Thirdly, where the terms of a lease are themselves defective in relation to insurance, leasehold house owners will have a right to apply to the court to have their leases varied. That right will be analogous to the right that leaseholders of flats will be given by part IV of the Bill. It would not be possible for the courts to use this right to vary a lease to take away a landlord's ability to nominate the insurance company, nor to require landlords to offer leaseholders a choice of insurers.
I am sure that those additional rights will be welcomed by leasehold house owners in areas, such as south Wales. with a great number of houses held on leases.

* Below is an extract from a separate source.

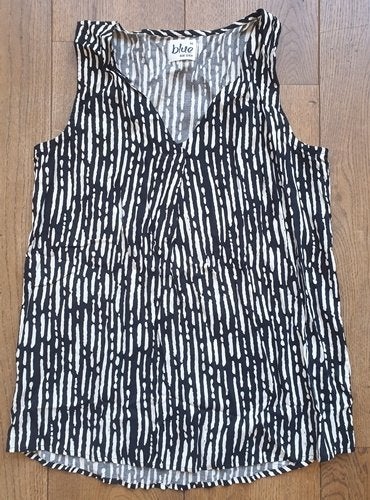 Zwart Witte Top Blue Seven (36), Zwart, Ophalen of Verzenden, Gedragen, Blue Seven
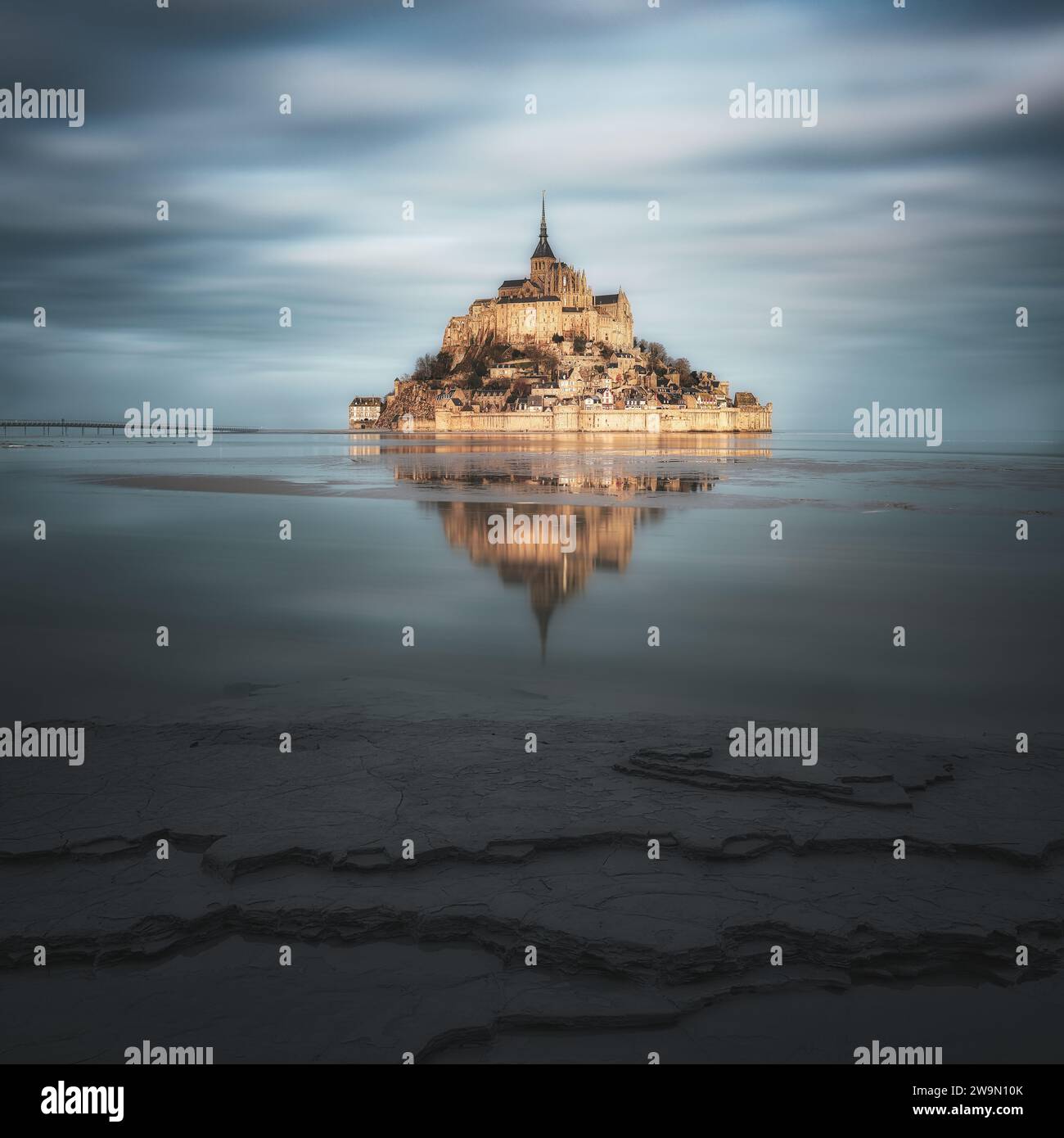 Marais salant baie du mont saint michel Banque de photographies et d ...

I would like to reply to some of the specific points raised by hon. Members during the debate. The hon. Member for Norwood referred to defective leases. He argued that part IV should be extended to allow tenants to apply to the courts to amend their leases to allow improvements to be made to the block. I am glad to be able to reassure the lion. Gentleman that the Bill already covers that. Clause 36 allows tenants to ask the court to vary the leases, whether or not the variation relates to the defect in the leases, where that is supported by a substantial majority of the parties and not opposed by more than a small minority. That provision should be used, for instance, to seek the setting up of a sinking fund, which was one of the examples cited by the hon. Gentleman.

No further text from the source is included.